The latest batch of rules specified that the Hong Kong RMB clearing bank is Bank of China (Hong Kong), appointed to the role in December 2003, and that the second category of Hong Kong RMB banks includes China Citic Bank International, China Construction Bank (Asia), Hang Sang Bank, HSBC, Industrial and Commercial Bank of China (Asia), and the Hong Kong branches of Agricultural Bank of China, Bank SinoPac, China Merchants Bank, Citi and Standard Chartered.

When the bonds mature or are sold, the RMB capital — which includes the principal and income from the bonds — can be used to invest in onshore bonds again. However, if the capital will not be used for that purpose, it must be exchanged into foreign currencies via the Hong Kong clearing banks.

Will investors need special RMB accounts to trade? What if they can’t set one up in time for the launch?

In order to ensure that the investors’ funds will be used for the sole purpose of trading via Bond Connect, and to prevent currency arbitrage behaviour, regulators will require investors to open special RMB accounts at the Hong Kong clearing banks to deal with currency exchange and settlement issues.

Considering that northbound trading will launch soon — GlobalRMB understands the launch date will likely be July 3 — if the Hong Kong clearing banks cannot set up special RMB accounts for Bond Connect investors in time, investors will be allowed to use their own RMB accounts temporarily. But the banks will need to try to set up special RMB capital accounts for them as soon as possible.

For offshore investors who use their own RMB to invest, and do not need to exchange into foreign currencies, there is no need to go through the clearing banks.

What are the nominee arrangements for Bond Connect?

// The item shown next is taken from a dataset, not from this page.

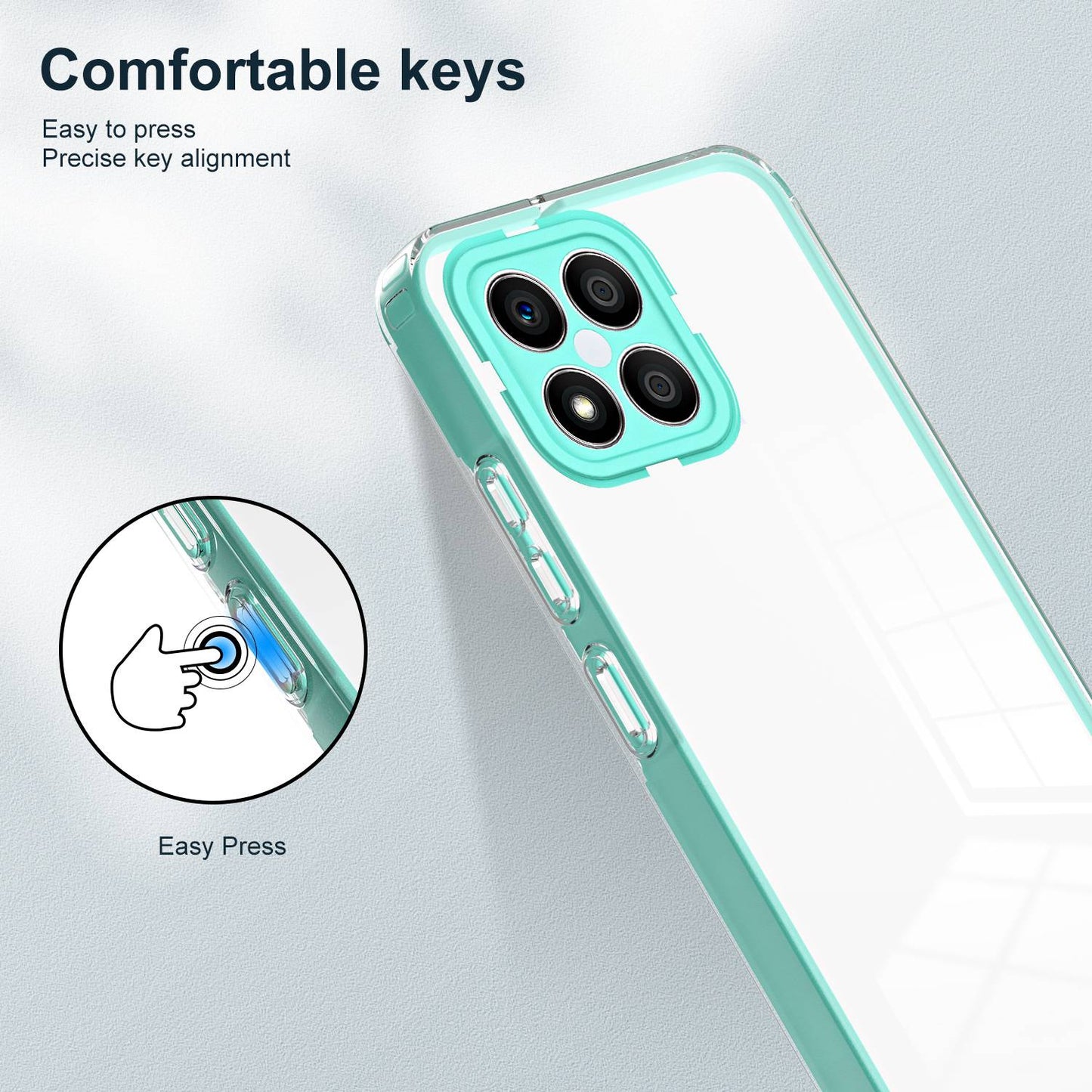For Honor X8 4G 3-in-1 Ultra Slim Transparent Phone Cover TPU Backplate + PC Frame + PC Camera Protection Drop-proof Phone Case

The overall structure is expected to replicate that of the existing Stock Connect scheme. CMU in Hong Kong, the clearing system operated by the Hong Kong Monetary Authority, will act as nominee bondholder for foreign investors with the onshore infrastructure, just as the Hong Kong Securities Clearing Company (HKSCC) acts as nominee holder for the Stock Connect scheme.

What is the role of the cross-border interbank payment system (CIPS) in the development of Bond Connect?

PBoC said phase one of CIPS, which uses the real-time gross settlement ( RTGS ) method to deal with renminbi-denominated remittance, was established as the fast lane for cross-border RMB settlement.

The second phase of CIPS, which is yet to launch, will extend operating hours, provide more flexible ways to manage business and more convenient capital settlement services for cross-border bond transactions, said the central bank.